Web page caption snippets:
--------------------

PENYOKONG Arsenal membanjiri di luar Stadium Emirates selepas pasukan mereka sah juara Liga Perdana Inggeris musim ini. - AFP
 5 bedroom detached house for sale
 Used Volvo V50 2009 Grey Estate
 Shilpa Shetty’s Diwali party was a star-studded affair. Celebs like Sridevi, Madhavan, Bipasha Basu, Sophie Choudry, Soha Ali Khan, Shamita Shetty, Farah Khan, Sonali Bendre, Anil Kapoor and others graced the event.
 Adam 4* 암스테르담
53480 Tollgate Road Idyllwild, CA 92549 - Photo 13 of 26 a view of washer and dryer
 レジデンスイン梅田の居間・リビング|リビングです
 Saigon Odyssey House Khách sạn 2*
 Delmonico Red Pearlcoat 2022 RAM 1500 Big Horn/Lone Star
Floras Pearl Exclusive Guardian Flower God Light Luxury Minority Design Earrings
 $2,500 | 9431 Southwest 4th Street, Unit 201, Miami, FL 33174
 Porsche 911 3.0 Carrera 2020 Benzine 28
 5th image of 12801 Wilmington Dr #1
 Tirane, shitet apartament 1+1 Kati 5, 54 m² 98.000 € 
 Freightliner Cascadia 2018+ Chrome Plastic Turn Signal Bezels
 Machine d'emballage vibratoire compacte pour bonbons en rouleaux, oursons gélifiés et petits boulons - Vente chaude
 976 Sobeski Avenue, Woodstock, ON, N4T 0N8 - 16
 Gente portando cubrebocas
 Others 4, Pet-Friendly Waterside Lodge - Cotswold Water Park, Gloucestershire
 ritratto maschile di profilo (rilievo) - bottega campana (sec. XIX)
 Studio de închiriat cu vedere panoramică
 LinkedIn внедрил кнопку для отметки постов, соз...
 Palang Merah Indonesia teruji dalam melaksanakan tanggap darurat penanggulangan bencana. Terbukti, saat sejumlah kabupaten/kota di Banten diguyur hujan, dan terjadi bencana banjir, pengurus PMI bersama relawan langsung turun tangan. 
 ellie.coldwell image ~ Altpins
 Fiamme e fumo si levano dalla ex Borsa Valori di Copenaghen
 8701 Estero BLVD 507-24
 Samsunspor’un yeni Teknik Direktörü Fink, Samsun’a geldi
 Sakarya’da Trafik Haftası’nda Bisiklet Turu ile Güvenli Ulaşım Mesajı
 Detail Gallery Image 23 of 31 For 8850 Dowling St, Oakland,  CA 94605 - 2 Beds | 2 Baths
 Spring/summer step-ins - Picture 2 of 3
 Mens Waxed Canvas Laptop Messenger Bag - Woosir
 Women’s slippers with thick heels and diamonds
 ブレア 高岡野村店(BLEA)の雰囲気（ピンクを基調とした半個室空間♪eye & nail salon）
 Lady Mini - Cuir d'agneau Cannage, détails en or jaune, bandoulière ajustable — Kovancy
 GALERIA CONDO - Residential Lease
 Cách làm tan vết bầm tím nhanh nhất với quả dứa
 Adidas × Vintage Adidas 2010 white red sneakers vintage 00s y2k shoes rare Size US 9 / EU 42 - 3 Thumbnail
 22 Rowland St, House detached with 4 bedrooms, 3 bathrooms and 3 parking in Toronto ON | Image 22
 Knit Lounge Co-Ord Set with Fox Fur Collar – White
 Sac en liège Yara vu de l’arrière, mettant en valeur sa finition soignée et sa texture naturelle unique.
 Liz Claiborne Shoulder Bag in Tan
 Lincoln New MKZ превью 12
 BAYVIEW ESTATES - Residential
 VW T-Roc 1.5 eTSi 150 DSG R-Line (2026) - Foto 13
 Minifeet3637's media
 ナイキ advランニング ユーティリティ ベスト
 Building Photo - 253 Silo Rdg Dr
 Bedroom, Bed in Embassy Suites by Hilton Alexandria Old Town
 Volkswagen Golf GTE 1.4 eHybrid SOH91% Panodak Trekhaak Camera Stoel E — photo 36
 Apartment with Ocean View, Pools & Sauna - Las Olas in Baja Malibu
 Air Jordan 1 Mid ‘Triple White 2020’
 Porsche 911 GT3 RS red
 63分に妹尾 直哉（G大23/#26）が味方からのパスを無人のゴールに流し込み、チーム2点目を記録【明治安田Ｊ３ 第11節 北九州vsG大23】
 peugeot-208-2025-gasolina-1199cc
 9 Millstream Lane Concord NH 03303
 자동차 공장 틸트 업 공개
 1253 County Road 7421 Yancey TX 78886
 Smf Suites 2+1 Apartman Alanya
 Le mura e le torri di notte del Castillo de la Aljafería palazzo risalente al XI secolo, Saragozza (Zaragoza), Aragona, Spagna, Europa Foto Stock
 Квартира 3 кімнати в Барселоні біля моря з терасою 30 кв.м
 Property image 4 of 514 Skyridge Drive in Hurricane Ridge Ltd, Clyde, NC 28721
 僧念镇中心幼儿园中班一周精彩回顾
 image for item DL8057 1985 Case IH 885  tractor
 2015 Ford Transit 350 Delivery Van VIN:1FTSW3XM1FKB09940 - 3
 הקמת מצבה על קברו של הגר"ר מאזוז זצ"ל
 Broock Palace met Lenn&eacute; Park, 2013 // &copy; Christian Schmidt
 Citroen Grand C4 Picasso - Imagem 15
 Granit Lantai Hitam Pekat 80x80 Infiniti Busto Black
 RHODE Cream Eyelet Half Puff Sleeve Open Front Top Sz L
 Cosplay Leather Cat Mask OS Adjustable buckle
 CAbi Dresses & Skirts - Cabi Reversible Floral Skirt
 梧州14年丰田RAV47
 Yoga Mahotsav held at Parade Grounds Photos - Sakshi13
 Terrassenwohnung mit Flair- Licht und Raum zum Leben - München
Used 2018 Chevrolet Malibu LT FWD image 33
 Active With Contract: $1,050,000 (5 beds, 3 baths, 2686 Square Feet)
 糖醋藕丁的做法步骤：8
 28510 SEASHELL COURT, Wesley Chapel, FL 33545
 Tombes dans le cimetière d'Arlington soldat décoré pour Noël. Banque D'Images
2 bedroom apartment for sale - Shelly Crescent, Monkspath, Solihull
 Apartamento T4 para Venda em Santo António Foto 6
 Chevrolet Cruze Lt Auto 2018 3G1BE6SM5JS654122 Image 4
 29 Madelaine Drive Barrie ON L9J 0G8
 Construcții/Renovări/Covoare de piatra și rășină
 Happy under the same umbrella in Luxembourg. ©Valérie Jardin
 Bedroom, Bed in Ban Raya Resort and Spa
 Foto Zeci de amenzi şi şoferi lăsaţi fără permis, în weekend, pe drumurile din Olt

--------------------

=== TASK GOAL ===
Count how many lines in the data above hold "Used", and give that number by itself.

=== ANSWER SECTION ===
2